A thing desired only rationally is not very ardently desired.
All our qualities, good and bad, are contingent, depending for the most part on circumstances.
One must have strength of character to be truly amiable; most kind people are merely weak, and may easily become sour.
Weakness or force of habit attaches us to what is easy or pleasant, thus limiting our knowledge. No one ever troubles to exert his powers to the full.
Our mind is lazier than our body.
Of all our failings, laziness is the least known to us. None is more powerful or more malignant, although its ravages are hidden. If we examine carefully into its influence we shall find that it is invariably mistress of our sentiments, interests and pleasures. It is an octopus which holds up the greatest ships; it is a flat calm more dangerous to important ventures than reefs or hurricanes. The indolence of sloth has a subtle and hidden charm for our souls which suspends our most ardent efforts, and crumbles our firmest resolutions.

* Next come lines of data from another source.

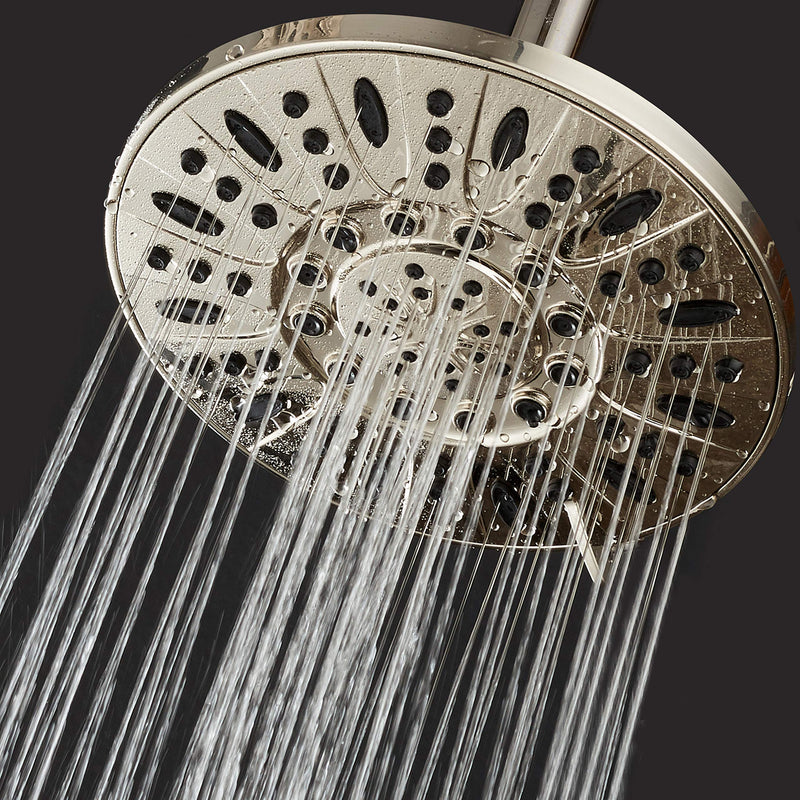 AquaDance Brushed Nickel High Pressure 6-Setting 7" Rain Shower Head – Angle Adjustable, Anti-Clog Showerhead Jets, Tool-Free Installation-USA Standard Certified-Top U.S. Brand – 1.8 GPM 1.8 Gallons Per Minute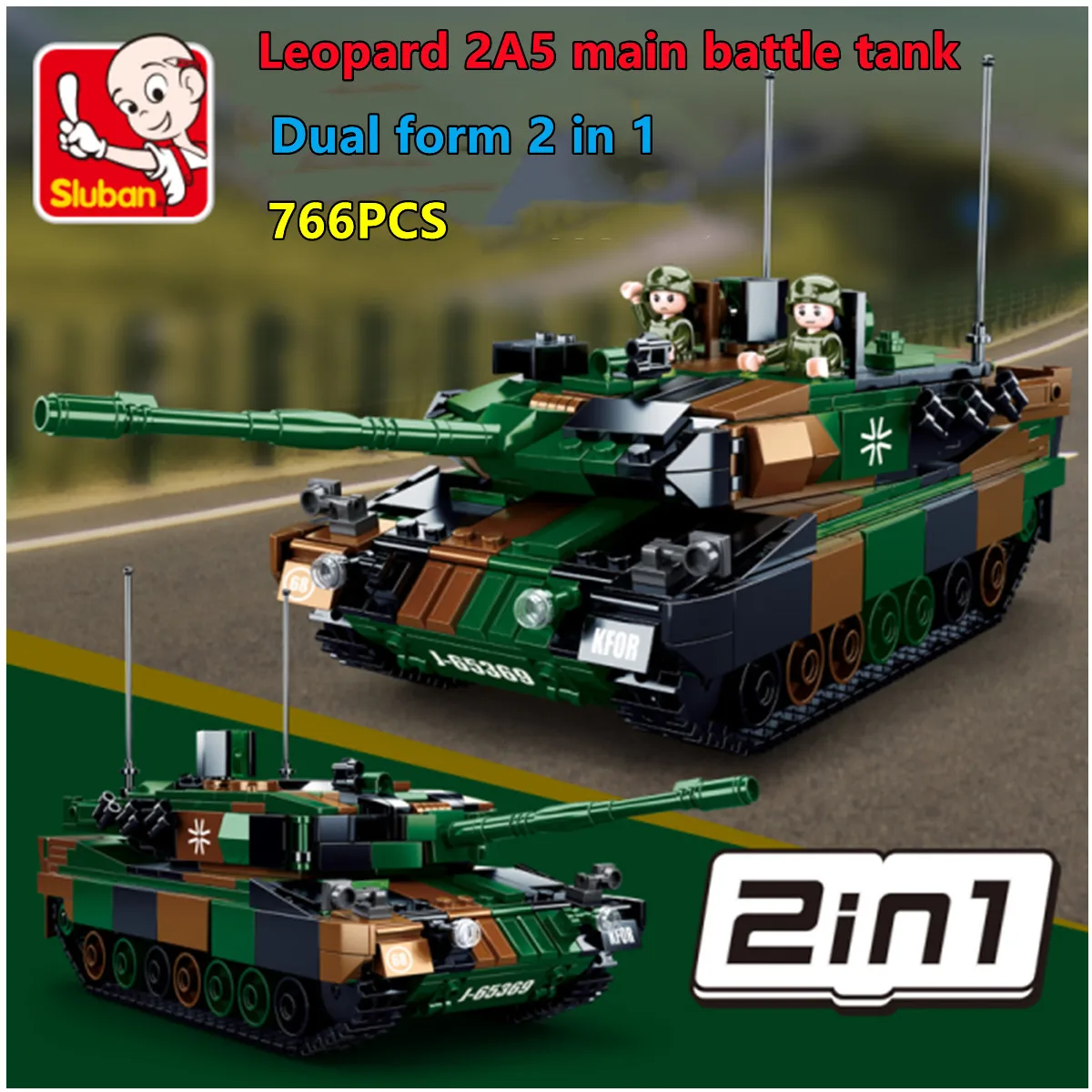 Sluban Building Block Toys Army Leopard 2A5 Main Battle Tank 766PCS Bricks B0839 Compatbile With Leading Brands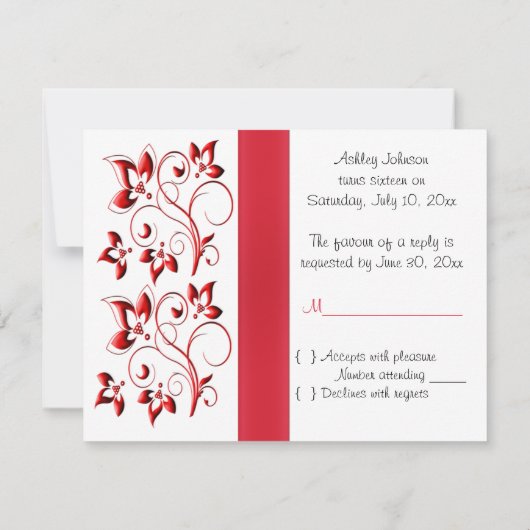 RIBBONROT, Schwarz, Weiß-Blütenblume-RSVP-Karte RSVP Karte (Rückseite)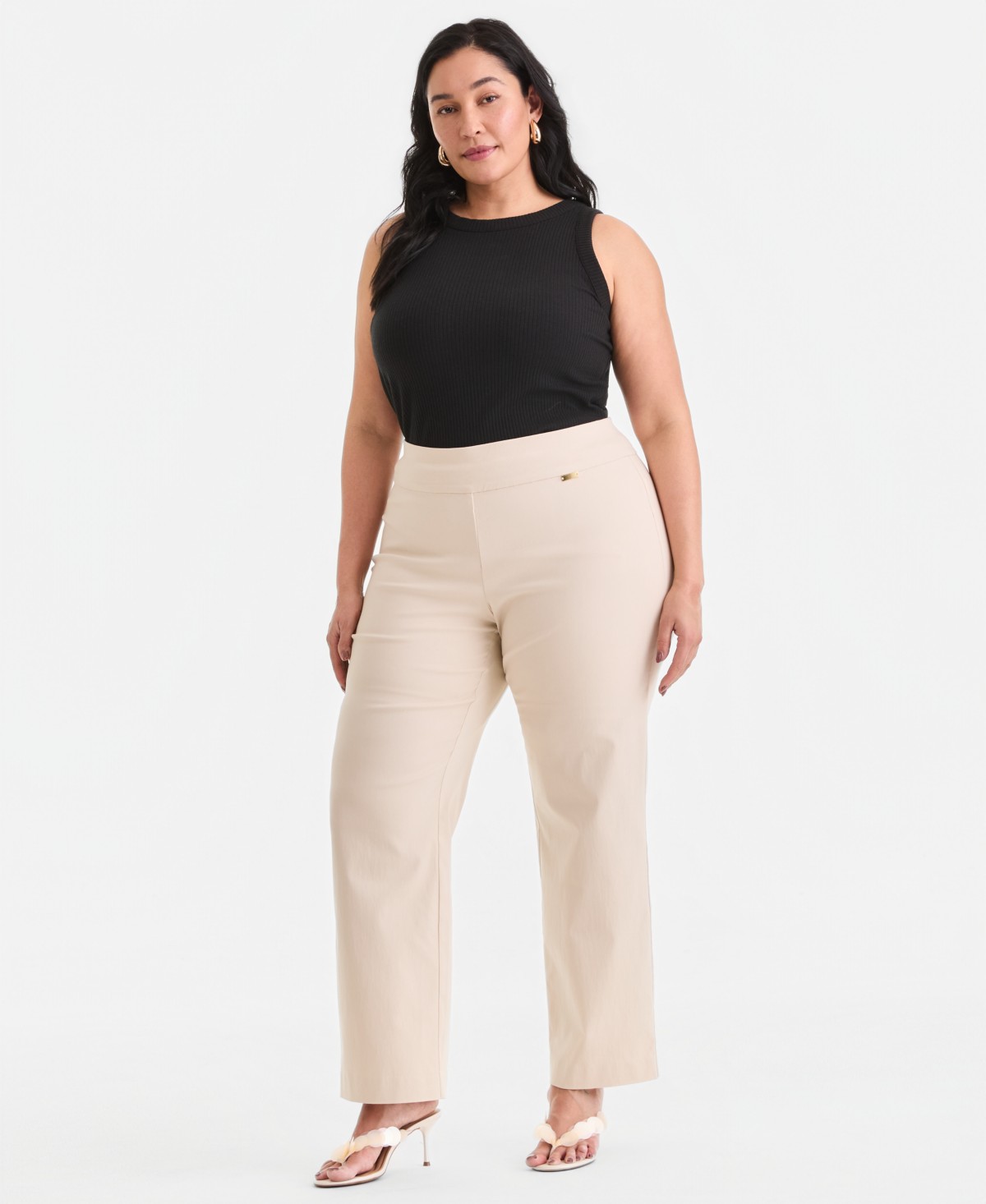 Женские I.N.C. International Concepts Plus Size Mid-Rise Pull-On Straight-Leg Pants — фото 1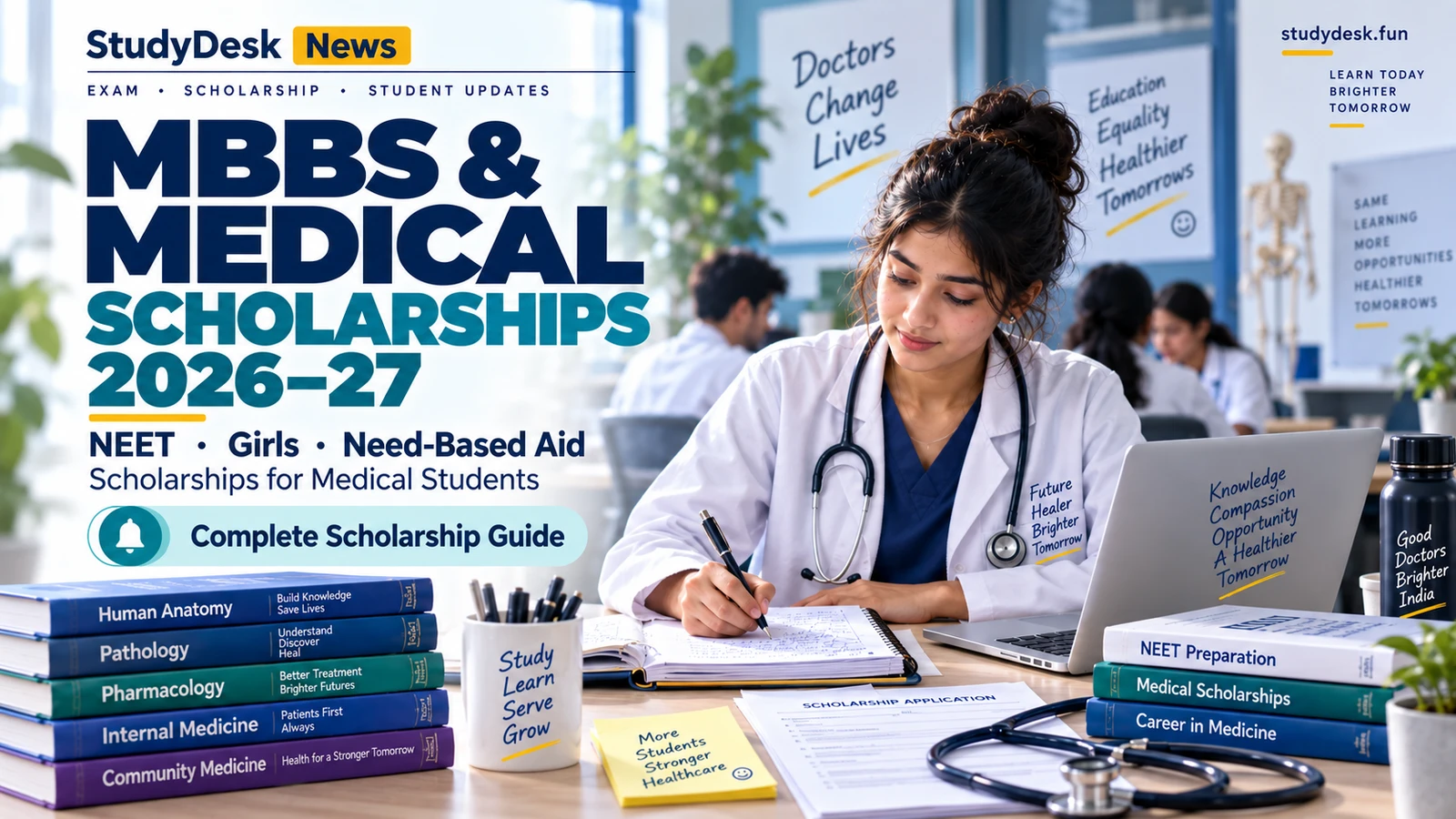 Medical Scholarships 2026–27 — StudyDesk editorial cover
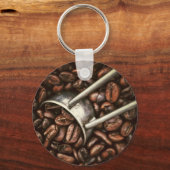 Koffiebonen en metaalschep sleutelhanger (Voorkant)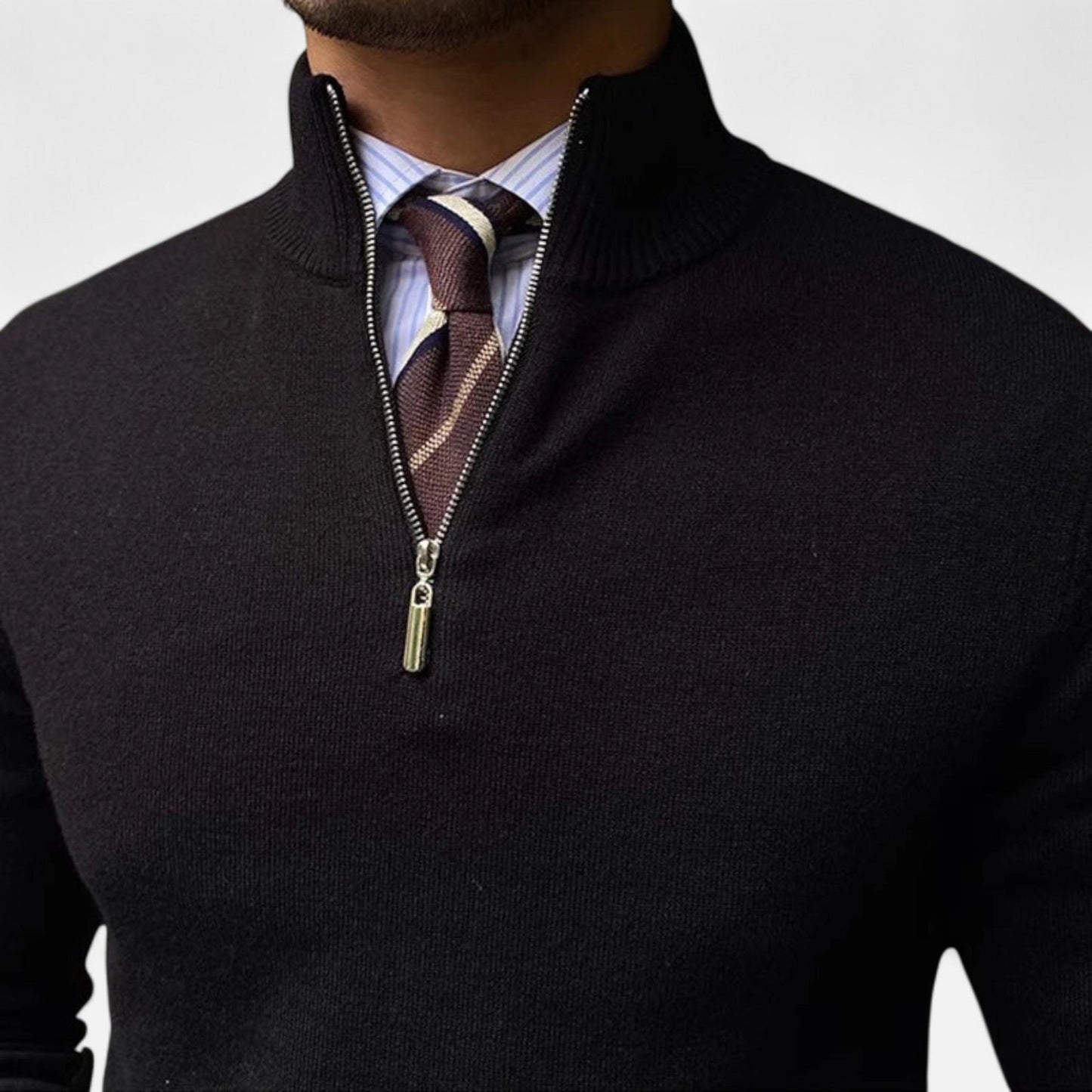 VogeLuxe | Pull en maille classique à col zippé pour homme 6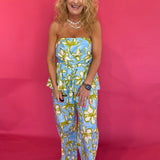 Blue and yellow floral strapless peplum top with self-tie front and smocked back – Shabby 2 Chic Boutiques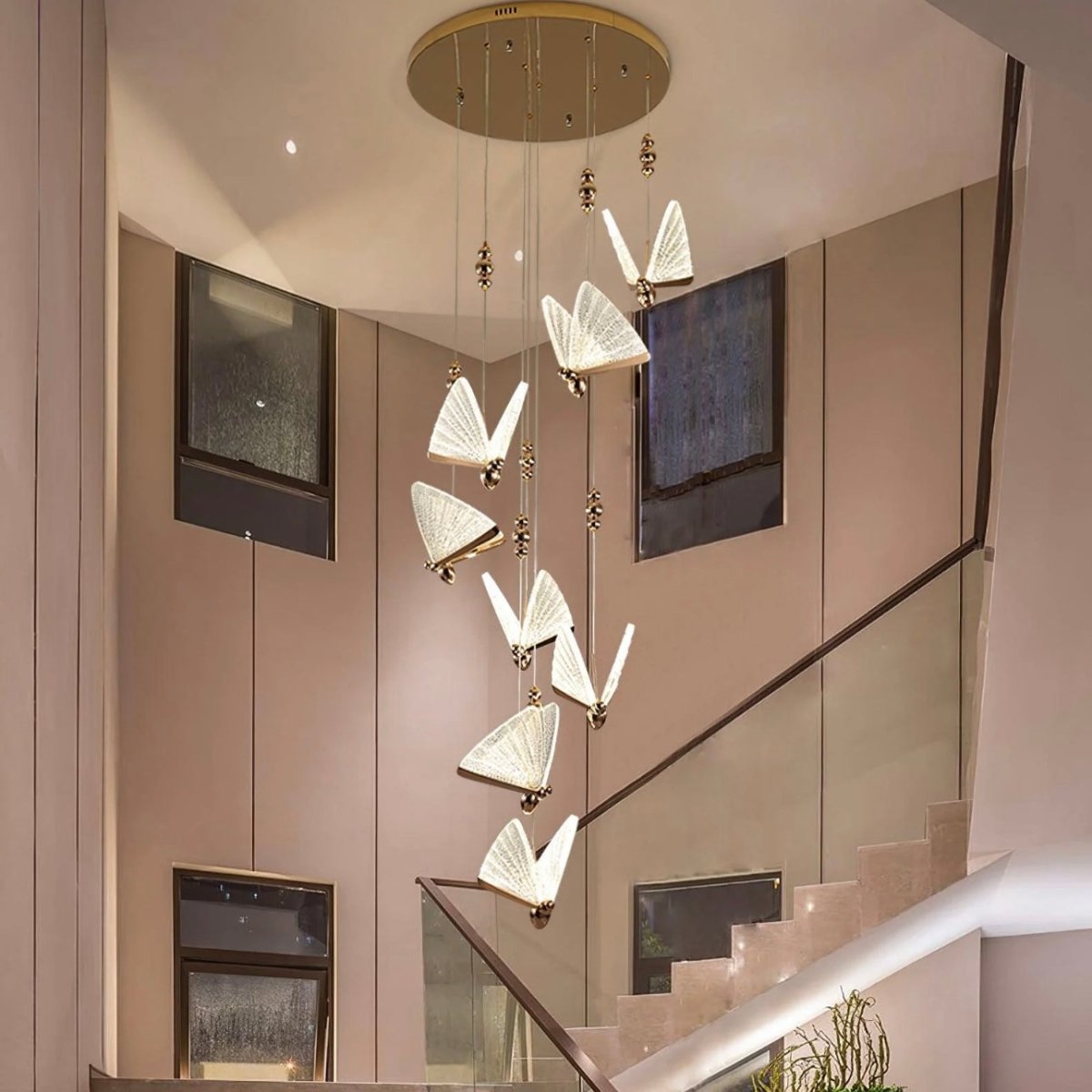 Butterfly LED Pendant Light Crystal-Cut Wing Design - Product detail 10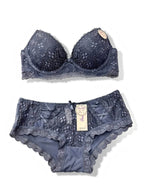 Ensemble lingerie BROCK BELLE COM'ELLE bonnet C gris en dentelle avec soutien-gorge et culotte assortie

However depraved men may be, they dare not openly condemn virtues; hence when they wish to persecute the righteous they pretend their virtue is feigned, or charge it with crimes.
One perceives that people know their own faults better than we suspect, since they never admit their errors in speaking of their conduct. At such times conceit, which generally blinds them, enlightens them, and so sharpens their wits that they can suppress or conceal the slightest thing which might be incriminating.
When young people first go into society they should appear either embarrassed or thoughtless; in general an air of poise and self-possession soon turns to impertinence.
Quarrels would be but short-lived, were all the wrong on one side.
An honest fool is, in the long run, less of a bore than a corrupt genius.